## Exercise aim:
Copy the data exactly. Images are the one exception.

## Information provided:
*****

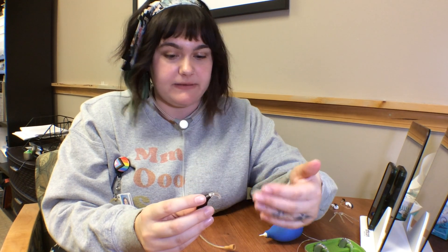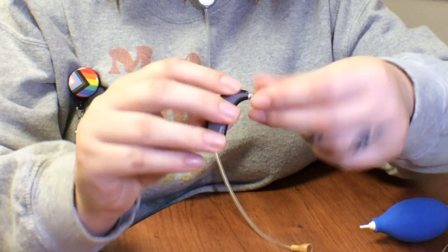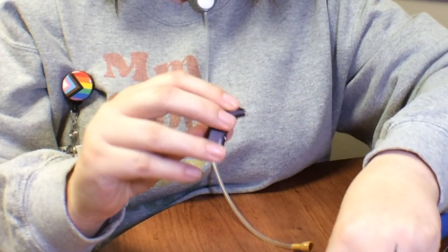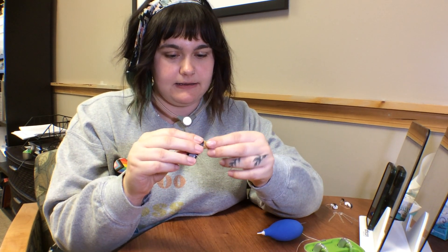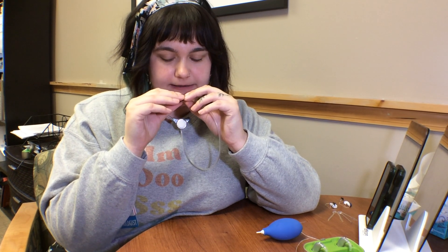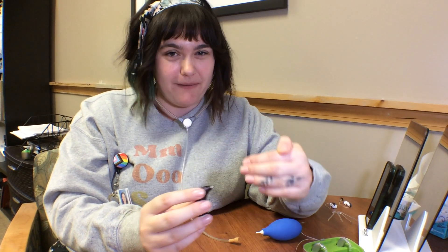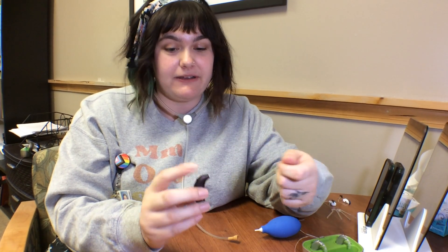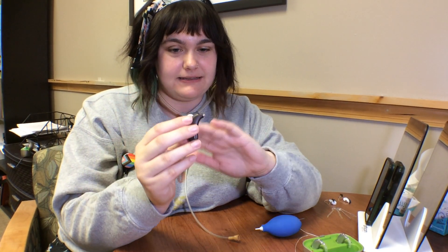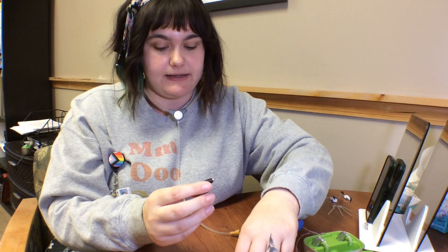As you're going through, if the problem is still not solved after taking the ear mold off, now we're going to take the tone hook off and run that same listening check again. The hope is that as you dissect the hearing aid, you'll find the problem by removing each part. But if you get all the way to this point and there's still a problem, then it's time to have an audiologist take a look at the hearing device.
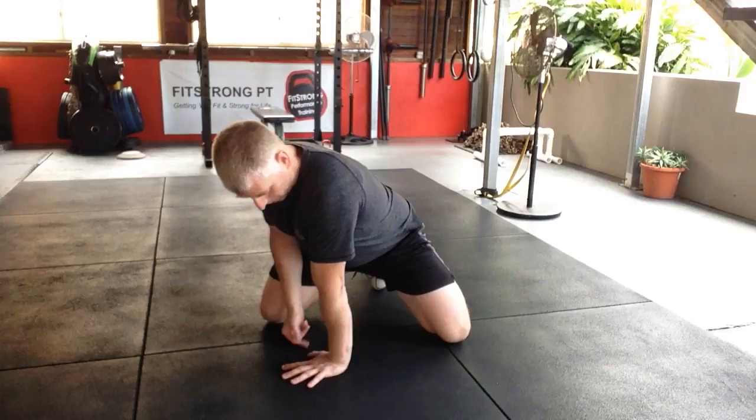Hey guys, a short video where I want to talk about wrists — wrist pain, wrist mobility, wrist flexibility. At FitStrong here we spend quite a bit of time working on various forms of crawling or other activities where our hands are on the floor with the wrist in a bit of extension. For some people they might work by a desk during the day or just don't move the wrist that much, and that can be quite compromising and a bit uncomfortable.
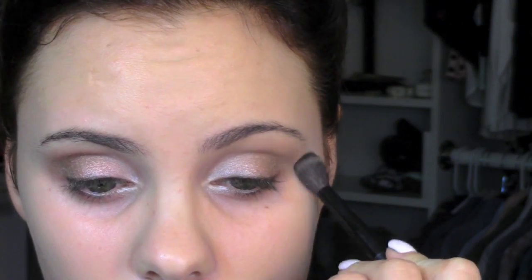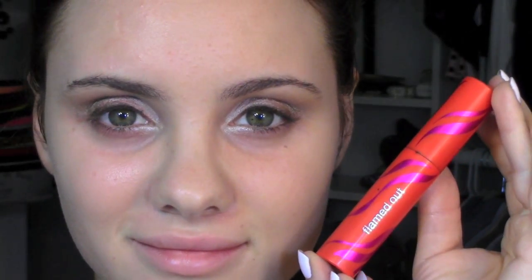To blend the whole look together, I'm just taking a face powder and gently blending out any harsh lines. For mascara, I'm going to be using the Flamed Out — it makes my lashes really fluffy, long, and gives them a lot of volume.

*****

## Task answer:
As you're going through, if the problem is still not solved after taking the ear mold off, now we're going to take the tone hook off and run that same listening check again. The hope is that as you dissect the hearing aid, you'll find the problem by removing each part. But if you get all the way to this point and there's still a problem, then it's time to have an audiologist take a look at the hearing device.
Hey guys, a short video where I want to talk about wrists — wrist pain, wrist mobility, wrist flexibility. At FitStrong here we spend quite a bit of time working on various forms of crawling or other activities where our hands are on the floor with the wrist in a bit of extension. For some people they might work by a desk during the day or just don't move the wrist that much, and that can be quite compromising and a bit uncomfortable.
To blend the whole look together, I'm just taking a face powder and gently blending out any harsh lines. For mascara, I'm going to be using the Flamed Out — it makes my lashes really fluffy, long, and gives them a lot of volume.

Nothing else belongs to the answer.